Busy season doesn’t care about your study plan. It shows up, it expands to fill every hour you thought you had, and then it takes the hours you didn’t think it could reach. And if you’re in public accounting, you already know this. You’ve lived this. Possibly multiple times.
So here’s what I stopped doing: I stopped trying to study normally during busy season. I stopped treating it like a regular month with more work in it. It isn’t. It’s a different season entirely, and it needs a different strategy.
The shift that actually helped
Busy season isn’t the time to learn new material. It’s the time to maintain ground you’ve already taken.
If you go into busy season with zero foundation, you’re going to struggle. But if you’ve already got some coverage — even rough, early-stage coverage — busy season becomes about reinforcement, not conquest.
5 questions keeps the material alive in your brain. It keeps the habit alive. And it keeps you from having to restart from zero in April when busy season ends.
The myth of the perfect study session
Every piece of CPA advice assumes you have two uninterrupted hours in a quiet room. That’s not most people’s reality in January. It’s definitely not mine when I was working 60-hour weeks and still trying to make progress on FAR.
The hard truth is that one focused five-minute session actually happening beats one imaginary two-hour session that keeps getting pushed. A small rep that occurs is infinitely more valuable than a big rep that doesn’t.

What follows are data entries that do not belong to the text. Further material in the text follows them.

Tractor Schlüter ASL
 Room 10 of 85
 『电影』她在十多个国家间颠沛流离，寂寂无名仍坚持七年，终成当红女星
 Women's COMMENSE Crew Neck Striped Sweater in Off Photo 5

What to actually do during busy season
Drop lecture videos entirely. You don’t have the bandwidth to absorb new frameworks when you’re mentally maxed. Use that time for multiple choice only — specifically, topics you’ve already covered.
Keep a rotation tight. Pick two or three categories and drill them. Don’t try to cover everything. If you try to cover everything during busy season, you’ll cover nothing.
Let weekends be variable. If you get a good Saturday morning, use it for a longer session. If you don’t, don’t guilt-spiral. Guilt-spiraling during busy season is how people quit entirely in March.
The real goal
The goal during busy season isn’t to make massive progress. The goal is to not lose what you had.
That might feel like lowering the bar. It isn’t. Staying in the game when life is actively making it hard to stay in the game is one of the hardest things about this exam. Most people don’t lose to the material. They lose to the interruptions.
Don’t let busy season be your interruption.
Keep the material alive today.
Five questions is enough to stay in the game when work is winning.